DATASET RECORDS:
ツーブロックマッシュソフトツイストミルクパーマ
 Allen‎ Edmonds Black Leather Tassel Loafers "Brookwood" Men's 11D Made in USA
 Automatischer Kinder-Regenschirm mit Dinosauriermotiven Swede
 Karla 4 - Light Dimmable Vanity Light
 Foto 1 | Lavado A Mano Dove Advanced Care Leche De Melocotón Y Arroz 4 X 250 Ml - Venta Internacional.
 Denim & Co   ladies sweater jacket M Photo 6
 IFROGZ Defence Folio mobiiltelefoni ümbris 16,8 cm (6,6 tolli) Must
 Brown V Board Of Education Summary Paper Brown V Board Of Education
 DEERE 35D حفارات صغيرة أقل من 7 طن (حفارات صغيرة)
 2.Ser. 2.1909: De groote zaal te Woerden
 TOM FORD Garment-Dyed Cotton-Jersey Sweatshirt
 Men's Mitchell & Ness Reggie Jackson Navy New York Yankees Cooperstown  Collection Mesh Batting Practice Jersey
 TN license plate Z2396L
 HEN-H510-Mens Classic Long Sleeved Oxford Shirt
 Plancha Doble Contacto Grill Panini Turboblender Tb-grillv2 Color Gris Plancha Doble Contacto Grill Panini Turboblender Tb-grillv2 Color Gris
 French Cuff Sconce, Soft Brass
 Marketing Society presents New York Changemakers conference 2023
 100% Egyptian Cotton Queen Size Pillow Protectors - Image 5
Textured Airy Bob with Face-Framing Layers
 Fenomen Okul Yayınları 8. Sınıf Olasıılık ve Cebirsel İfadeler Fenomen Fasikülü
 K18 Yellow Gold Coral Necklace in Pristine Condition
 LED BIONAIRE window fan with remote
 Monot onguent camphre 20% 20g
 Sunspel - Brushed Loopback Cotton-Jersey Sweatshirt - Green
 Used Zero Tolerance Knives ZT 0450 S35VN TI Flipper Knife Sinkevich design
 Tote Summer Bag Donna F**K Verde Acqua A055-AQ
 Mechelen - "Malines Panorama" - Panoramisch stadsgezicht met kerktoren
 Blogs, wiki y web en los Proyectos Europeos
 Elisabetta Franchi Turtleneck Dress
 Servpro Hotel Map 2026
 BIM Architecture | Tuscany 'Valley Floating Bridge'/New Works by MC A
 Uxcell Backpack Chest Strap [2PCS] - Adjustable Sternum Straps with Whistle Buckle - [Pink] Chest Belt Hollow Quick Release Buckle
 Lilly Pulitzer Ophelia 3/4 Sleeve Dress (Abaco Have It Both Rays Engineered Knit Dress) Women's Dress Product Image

WHAT TO DO: The line containing "IFROGZ Defence Folio" and each line after it through the end of the listing above must be printed exactly, with nothing added.

ANSWER FOR THIS EXERCISE:
 IFROGZ Defence Folio mobiiltelefoni ümbris 16,8 cm (6,6 tolli) Must
 Brown V Board Of Education Summary Paper Brown V Board Of Education
 DEERE 35D حفارات صغيرة أقل من 7 طن (حفارات صغيرة)
 2.Ser. 2.1909: De groote zaal te Woerden
 TOM FORD Garment-Dyed Cotton-Jersey Sweatshirt
 Men's Mitchell & Ness Reggie Jackson Navy New York Yankees Cooperstown  Collection Mesh Batting Practice Jersey
 TN license plate Z2396L
 HEN-H510-Mens Classic Long Sleeved Oxford Shirt
 Plancha Doble Contacto Grill Panini Turboblender Tb-grillv2 Color Gris Plancha Doble Contacto Grill Panini Turboblender Tb-grillv2 Color Gris
 French Cuff Sconce, Soft Brass
 Marketing Society presents New York Changemakers conference 2023
 100% Egyptian Cotton Queen Size Pillow Protectors - Image 5
Textured Airy Bob with Face-Framing Layers
 Fenomen Okul Yayınları 8. Sınıf Olasıılık ve Cebirsel İfadeler Fenomen Fasikülü
 K18 Yellow Gold Coral Necklace in Pristine Condition
 LED BIONAIRE window fan with remote
 Monot onguent camphre 20% 20g
 Sunspel - Brushed Loopback Cotton-Jersey Sweatshirt - Green
 Used Zero Tolerance Knives ZT 0450 S35VN TI Flipper Knife Sinkevich design
 Tote Summer Bag Donna F**K Verde Acqua A055-AQ
 Mechelen - "Malines Panorama" - Panoramisch stadsgezicht met kerktoren
 Blogs, wiki y web en los Proyectos Europeos
 Elisabetta Franchi Turtleneck Dress
 Servpro Hotel Map 2026
 BIM Architecture | Tuscany 'Valley Floating Bridge'/New Works by MC A
 Uxcell Backpack Chest Strap [2PCS] - Adjustable Sternum Straps with Whistle Buckle - [Pink] Chest Belt Hollow Quick Release Buckle
 Lilly Pulitzer Ophelia 3/4 Sleeve Dress (Abaco Have It Both Rays Engineered Knit Dress) Women's Dress Product Image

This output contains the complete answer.